Eventually, you hit on another breakthrough and there’s a new surge in investment and novel infrastructure, until that well of new useful information is exhausted.
Periods of rapid and transformative growth may look meager and unimpressive in hindsight simply because you are standing on the shoulders of giants. But can anyone seriously argue that the steam engine (17th century) was less significant than the nuclear power plant (20th century), when a nuclear power plant has - at its core - a very high efficiency steam engine? We don’t seem to recognize 300 years of internal combustion as a period of relative technological stagnation.
sugar_in_your_tea@sh.itjust.works 4 days ago
Yup, it turns out it’s a lot easier to build on something than create something from scratch.
absGeekNZ@lemmy.nz 3 days ago
While that may be true for individual technologies; in aggregate across all technologies.
Technical growth seems exponential; maybe sometime in the future technical advancement itself will resemble the ‘S’ curve; but for now we are still growing our technical prowess extremely quickly.
blarghly@lemmy.world 2 days ago
Many are saying we are beginning to see the top of the S right now. Our grandparents may have been alive for Kitty Hawk and the moon landing. Surely we would notice if science were advancing faster than that right now.
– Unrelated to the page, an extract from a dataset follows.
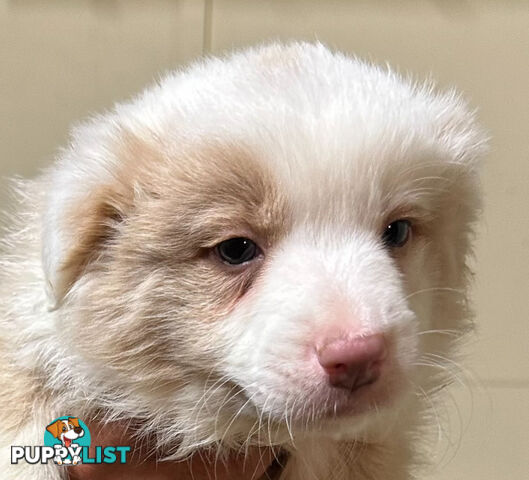 Border Collie puppies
the_crotch@sh.itjust.works 2 days ago
In my lifetime I went from a single button joystick playing a square shooting squares at other squares to a device that fits in my pocket and can access the entirety of collected knowledge in the blink of an eye, have a conversation with me that’s nearly indistinguishable from talking to another human, and store every photo and song I’ve ever collected. We have no idea what will come next.
UnderpantsWeevil@lemmy.world 3 days ago
I mean, what are you measuring that’s seeing exponential growth? Certainly not economic growth, as that’s plateaued globally in the prior decade. Not material productivity growth, as we’ve squeezed most of the juice out of agricultural and metallurgical gains of the early 20th century. Even Moore’s Law isn’t holding up anymore, with transistor density hitting a soft ceiling (just ask Intel).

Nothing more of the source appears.